Give your grates time to season.
- Over-cleaning your grates hinders them from seasoning. Seasoning allows them to form a non-stick coating. As your grates season, they turn from grey to black.
- Do not heat burn-offs on extremely high heat upon grilling to avoid baking the debris. Overexposure to high heat of over 850°F will gradually warp your grates.
Can you soak grill grates in Dawn?
Yes, you can. Soaking your grill grates in dish soap like Dawn is an effective way of deep cleaning your grill grates. You can deep clean your grates in a washtub or sink. Deep cleaning is perfect for removing sauces and marinades. Do not use a dishwasher, oven cleaner, or harsh acidic products to clean your grates as they will damage them.
After soaking your grill grates, use a sponge or brush to scrub them. A blackened surface is a sign of seasoning. So you should only deep clean occasionally. Over-cleaning will damage the seasoning, and you will need to re-season your grates.

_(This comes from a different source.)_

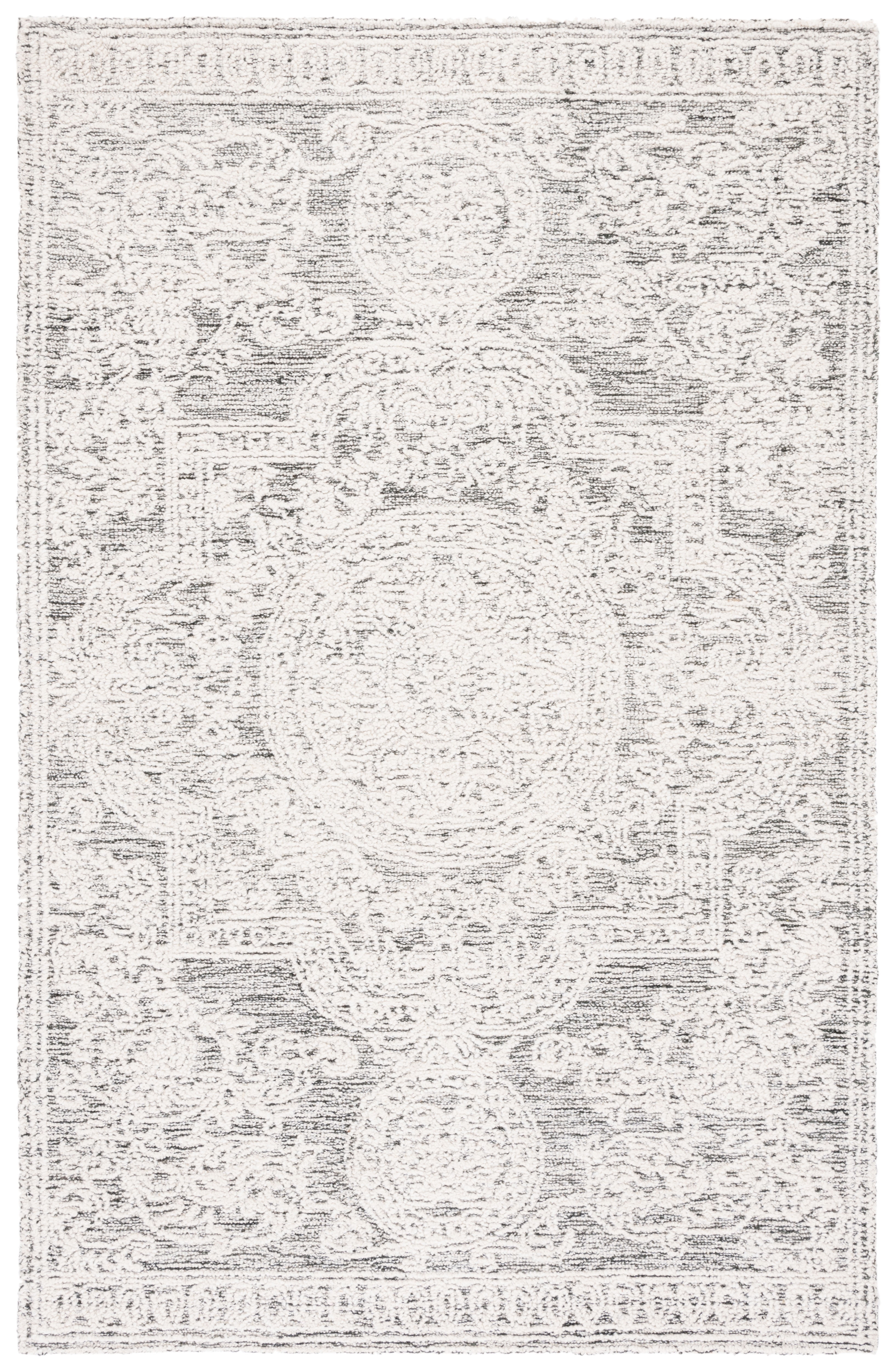 SAFAVIEH Abstract Carter Oriental Wool Area Rug, Ivory/Charcoal, 5' x 8'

Check this too: Types of Gas Grill Burners
It is advisable to clean your grill before and after grilling thoroughly. However, you can make the work easier if you oil your grates beforehand. Use a paper towel to rub any oil of choice on your grates. The rest of your grill, grill tools, and accessories also need to be sparkling from top to bottom. Also, protect your grill from debris or rain with a grill cover during barbecues. Proper cleaning and maintenance increase your grill’s longevity, allowing you to enjoy many grilling seasons.